Exercise description –
In the material below, find the line containing "Trevenant & Dusknoir" and the line containing "Light Green vector". Output those two lines and all lines between them exactly, without pictures.

Supplied information –
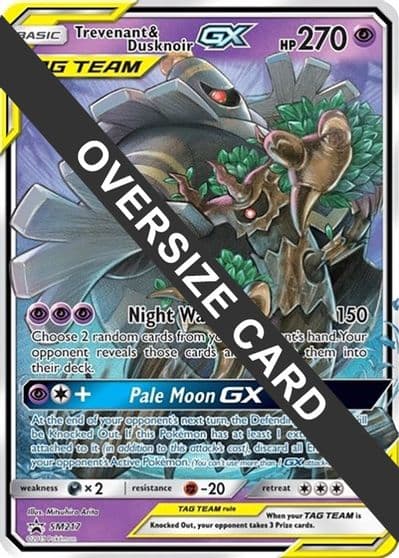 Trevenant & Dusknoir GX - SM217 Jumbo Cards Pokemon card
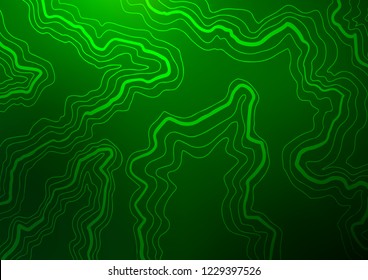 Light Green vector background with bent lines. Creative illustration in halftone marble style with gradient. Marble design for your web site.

==

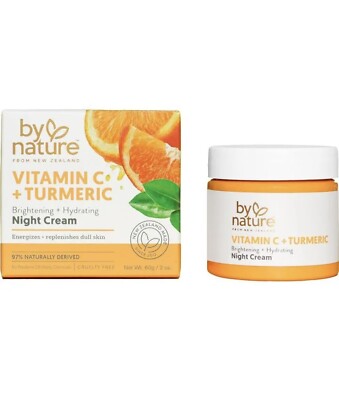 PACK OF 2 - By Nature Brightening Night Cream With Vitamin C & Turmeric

Result of the exercise –
 Trevenant & Dusknoir GX - SM217 Jumbo Cards Pokemon card
 Light Green vector background with bent lines. Creative illustration in halftone marble style with gradient. Marble design for your web site.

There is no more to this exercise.